Wir haben eine unschöne Vergangenheit. Mit acht Jahren wollte ich mich aus dem Waisenhaus freikaufen, stolzierte in seinen Laden am Rosenplatz und bot ihm meinen einzigen Besitz an. Ein Ring aus massivem Silber, in seiner Fassung ruht ein kostbarer Schmuckstein von tiefblauer Farbe. Ein Lapislazuli. Der seltenste und begehrteste Edelstein in unserer Welt. Als Heimleiterin Pistori mich vor zwanzig Jahren als plärrendes Bündel auf ihren Treppenstufen vorfand, hing er an einer Kette um meinen Hals, und sie nahm ihn einfach an sich. Ich revanchierte mich später für diesen Diebstahl und raubte den Ring von ihrem Finger, während sie über ihren Akten döste.
Um den bedeutungsvollen Handel mit Sorrel erfolgreich abzuschließen, stopfte ich die zahlreichen Löcher in meinem Kleid, kämmte mein störrisches Haar und schrubbte meine Zähne mit Kalk. Doch der Mistkerl bot mir lediglich eine Kupfermünze an, obwohl in seinen Augen die Gier schimmerte und sich Sabber in seinen Mundwinkeln sammelte. Als ich den Handel ablehnte, legte er Beschwerde bei der Heimleiterin ein und behauptete, ich wäre ungehobelt und hätte ihn bestohlen. Ich ertrug meine Strafe mit erhobenem Haupt. Die Narben zeichnen mich noch heute.
Rache ist süß.
Meine Muskeln sind steif vor Kälte, als ich aus meinem Versteck hinter einer Pyramide von Obstkisten krieche und die Verfolgung aufnehme. Eine eisige Windböe rüttelt an den kargen Ästen der alten Eichen, die den Marktplatz säumen, und überschüttet mich mit frischem Schnee. Fluchend winde ich mir den von Motten zerfressenen Wollschal enger um Mund und Nase. Es war ein Risiko, heute Nacht auf Beutezug zu gehen. Doch morgen ist Mittwinter, der bedeutendste Feiertag unseres Königreichs, und in der Speisekammer des Gemeinschaftszimmers liegen lediglich drei Äpfel, ein halber Laib Brot und ein zweifelhafter Schinken. Eine Küchenmaus isst festlicher.

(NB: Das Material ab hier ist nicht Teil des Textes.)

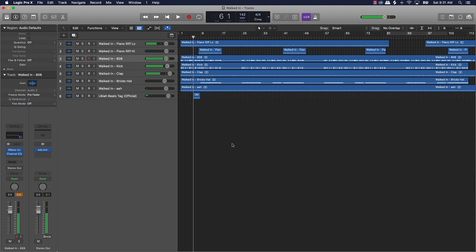So I mean, as you can hear, the 808 sounds a whole lot better and it just punched through the mix a whole lot more. The presence of that 808 is way more in there.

Lautlos gleite ich an der Mauer der Käserei entlang, die zu dieser späten Stunde geschlossen hat, und verschmelze mit den Schatten einer unscheinbaren Gasse, in die der Händler abgetaucht ist. Der verwinkelte Gang schlängelt sich zwischen den Hinterhöfen der Stadthäuser hindurch und mündet in die prachtvolle Lindenallee, wo beheizte Pferdekutschen auf ihre gut betuchten Besitzer warten. Es ist eine gefährliche Abkürzung, die weder beleuchtet noch patrouilliert wird. Doch Sorrel scheint es verdammt eilig zu haben.
Zeit ist eben nicht immer Geld. Zumindest nicht heute Nacht.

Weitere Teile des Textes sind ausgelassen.